The mean systolic blood pressure of adult males is normally
distributed with a mean of 138 (millimeters of
mercury) and a standard deviation of 9.7. What percent
of adult males have blood pressure between 161.28 and
164.9?
Find the number of standard deviations from the mean (above) for each of the limits. For example, (161.28-138)/9.7 = 2.4
So look up the normal distribution table and find the fraction (out of 1) that is between the two limits, +2.4 σ and +____ σ.
Change the fraction to percent.
Is the answer 5%?
Yes, that is correct, well done.
It would be nice if you could get a more accurate table to get a number like 5.x%.
To find the percent of adult males with blood pressure between 161.28 and 164.9, we need to calculate the area under the normal distribution curve between these two values. We can use the standard normal distribution and convert the given values to z-scores.

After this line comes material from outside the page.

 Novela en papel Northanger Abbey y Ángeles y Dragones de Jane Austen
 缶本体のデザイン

Step 1: Convert the given blood pressure values to z-scores using the formula:
z = (x - μ) / σ
where z is the z-score, x is the given value, μ is the mean, and σ is the standard deviation.

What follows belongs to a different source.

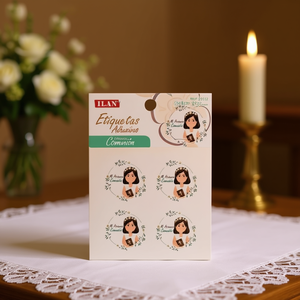 Etichette Adesive Pendenti Comunin Nia Rif. 29212 - Product Image 2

For the lower value, x = 161.28, μ = 138, and σ = 9.7:
z1 = (161.28 - 138) / 9.7
For the upper value, x = 164.9:
z2 = (164.9 - 138) / 9.7
Step 2: Look up the area under the standard normal distribution curve between the two z-scores calculated in Step 1. This can be done using a z-table or a calculator.
Step 3: Calculate the percent by subtracting the lower area from the higher area and multiplying by 100.
Percent = (higher area - lower area) * 100
By following these steps, you will find the percent of adult males with blood pressure between 161.28 and 164.9.